Transfers of assets between two group companies within the charge to UK tax generally take place without an immediate tax charge. However, where the transfer is to a member of the group outside the charge to UK tax, the transfer is treated as taking place at market value and any profit or loss is taxable in the accounting period in which the transfer takes place.

Following a recent First-tier Tribunal decision Gallaher v HMRC [2019] UKFTT 207, it was decided that denying tax relief in respect of a transfer of a chargeable asset to an EEA member state was contrary to the Freedom of Establishment under EU law which could not be justified unless the UK company was given the option to pay the extra tax over five years. While the case remains under appeal, this draft legislation has been released that is proposed to take effect from 11 July 2019 to remove uncertainty around whether such transactions will be taxed in the UK. HMRC has published draft legislation and further guidance on this measure here.

From 11 July 2019, companies may apply to defer payment of tax on profits or gains attributable to group transfers where the due and payable date has not yet expired. In effect, this means that group transfers during accounting periods ended on or after 10 October 2018 can be the subject of an application for deferral.

Companies will be able to defer payment to six equal annual instalments commencing on the normal due date for payment (nine months and one day after the year-end). Late payment corporation tax interest will apply on this deferral at the standard rates.
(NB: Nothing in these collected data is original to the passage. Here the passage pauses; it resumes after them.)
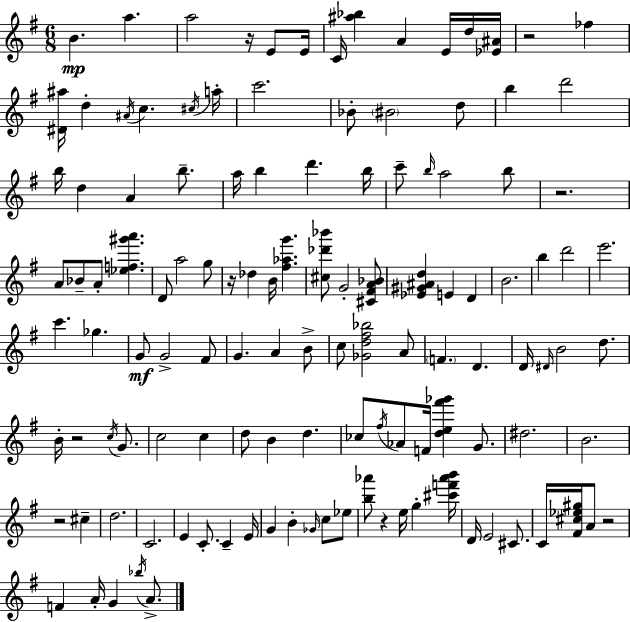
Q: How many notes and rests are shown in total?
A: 124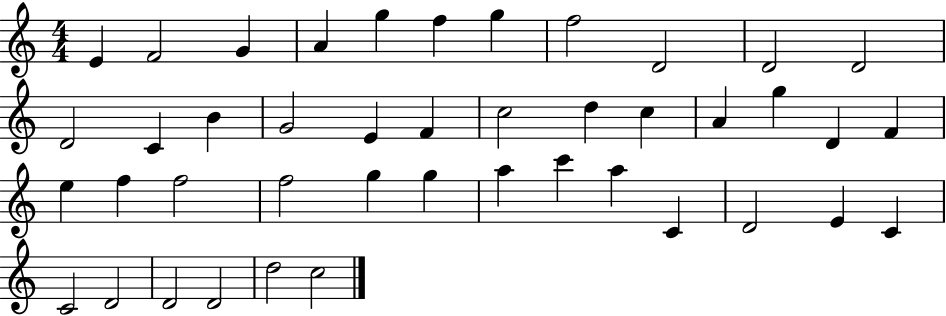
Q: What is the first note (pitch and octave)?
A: E4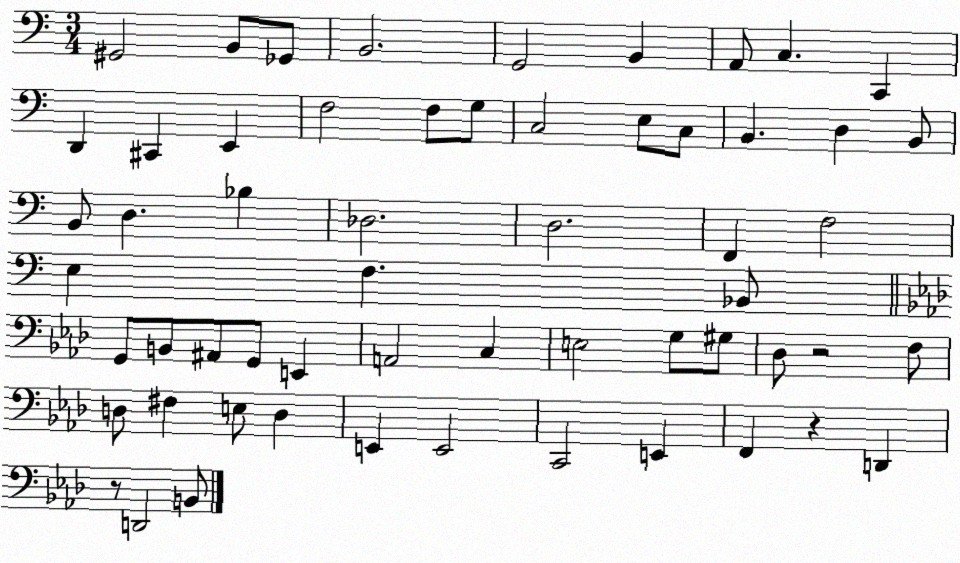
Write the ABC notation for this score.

X:1
T:Untitled
M:3/4
L:1/4
K:C
^G,,2 B,,/2 _G,,/2 B,,2 G,,2 B,, A,,/2 C, C,, D,, ^C,, E,, F,2 F,/2 G,/2 C,2 E,/2 C,/2 B,, D, B,,/2 B,,/2 D, _B, _D,2 D,2 F,, F,2 E, F, _B,,/2 G,,/2 B,,/2 ^A,,/2 G,,/2 E,, A,,2 C, E,2 G,/2 ^G,/2 _D,/2 z2 F,/2 D,/2 ^F, E,/2 D, E,, E,,2 C,,2 E,, F,, z D,, z/2 D,,2 B,,/2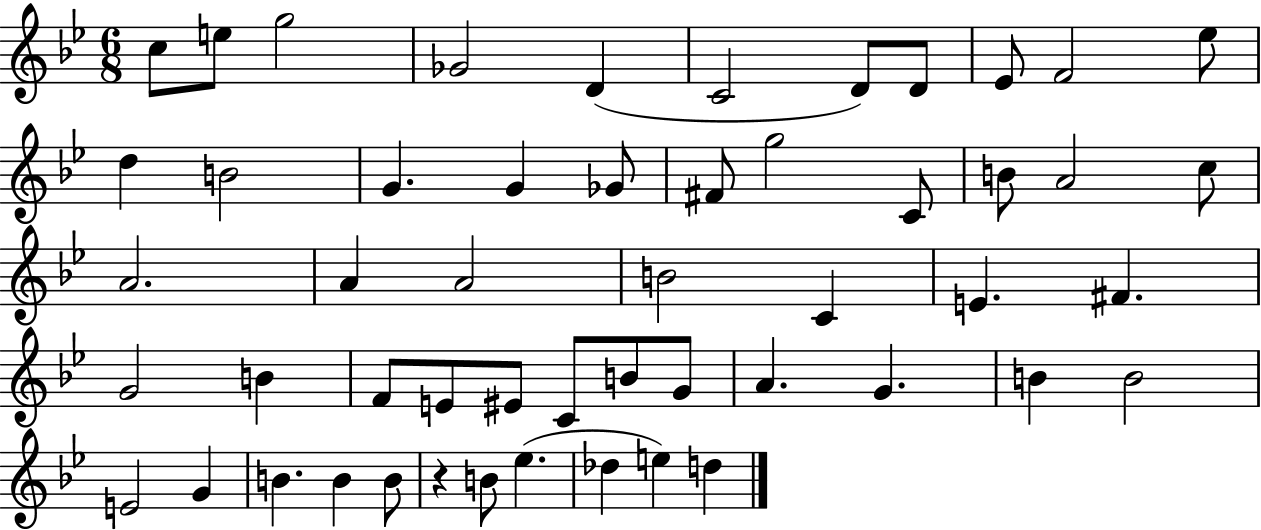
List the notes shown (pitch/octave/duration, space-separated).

C5/e E5/e G5/h Gb4/h D4/q C4/h D4/e D4/e Eb4/e F4/h Eb5/e D5/q B4/h G4/q. G4/q Gb4/e F#4/e G5/h C4/e B4/e A4/h C5/e A4/h. A4/q A4/h B4/h C4/q E4/q. F#4/q. G4/h B4/q F4/e E4/e EIS4/e C4/e B4/e G4/e A4/q. G4/q. B4/q B4/h E4/h G4/q B4/q. B4/q B4/e R/q B4/e Eb5/q. Db5/q E5/q D5/q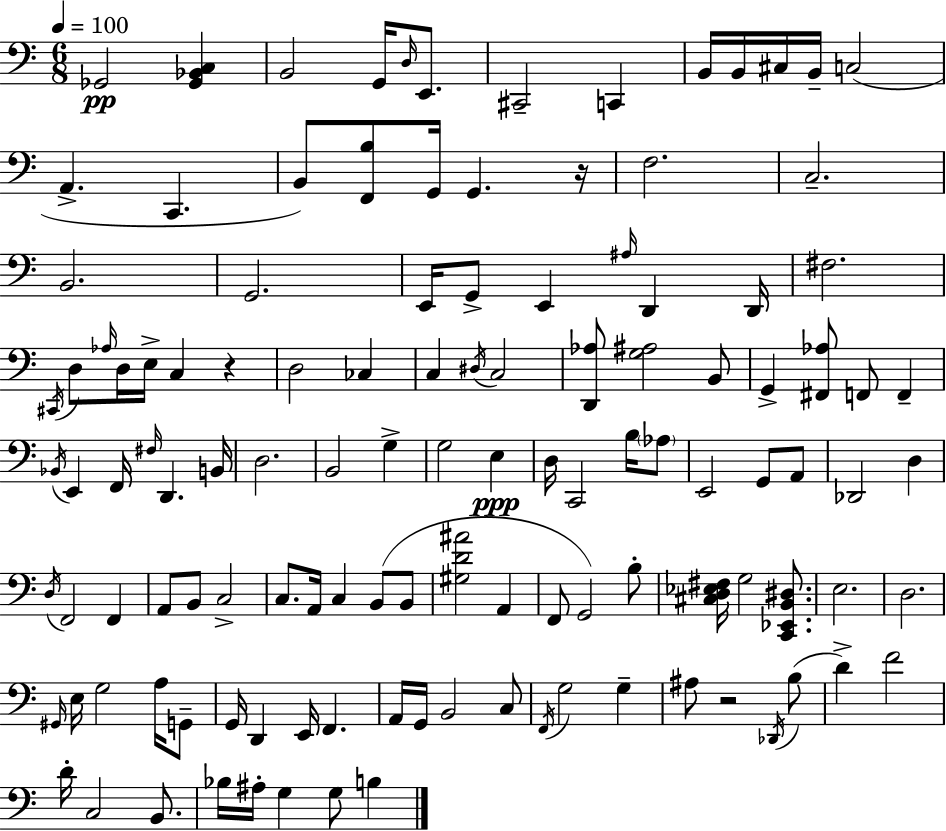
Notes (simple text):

Gb2/h [Gb2,Bb2,C3]/q B2/h G2/s D3/s E2/e. C#2/h C2/q B2/s B2/s C#3/s B2/s C3/h A2/q. C2/q. B2/e [F2,B3]/e G2/s G2/q. R/s F3/h. C3/h. B2/h. G2/h. E2/s G2/e E2/q A#3/s D2/q D2/s F#3/h. C#2/s D3/e Ab3/s D3/s E3/s C3/q R/q D3/h CES3/q C3/q D#3/s C3/h [D2,Ab3]/e [G3,A#3]/h B2/e G2/q [F#2,Ab3]/e F2/e F2/q Bb2/s E2/q F2/s F#3/s D2/q. B2/s D3/h. B2/h G3/q G3/h E3/q D3/s C2/h B3/s Ab3/e E2/h G2/e A2/e Db2/h D3/q D3/s F2/h F2/q A2/e B2/e C3/h C3/e. A2/s C3/q B2/e B2/e [G#3,D4,A#4]/h A2/q F2/e G2/h B3/e [C#3,D3,Eb3,F#3]/s G3/h [C2,Eb2,B2,D#3]/e. E3/h. D3/h. G#2/s E3/s G3/h A3/s G2/e G2/s D2/q E2/s F2/q. A2/s G2/s B2/h C3/e F2/s G3/h G3/q A#3/e R/h Db2/s B3/e D4/q F4/h D4/s C3/h B2/e. Bb3/s A#3/s G3/q G3/e B3/q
The provisions for entering into a corporation tax payment plan will be included in Sch 3ZC, TMA 1970 and will be similar to rules regarding exit charges incurred by a company that migrates to a relevant EEA state.

These rules will relate to transfers of chargeable assets, intangible fixed assets, loan relationships and derivative contracts where the transferor is resident in the UK (or is a permanent establishment within the charge to UK tax) and the transferee is a group member resident in another EEA/EU member state. The rules will apply where the only reason that the transfer is not treated as tax neutral by one of the group transfer provisions, is that the transferee company is not within the charge to UK corporation tax in respect of the asset or liability. The tax will also become payable immediately if certain events occur, including if the transferor and transferee companies cease to be members of the same group.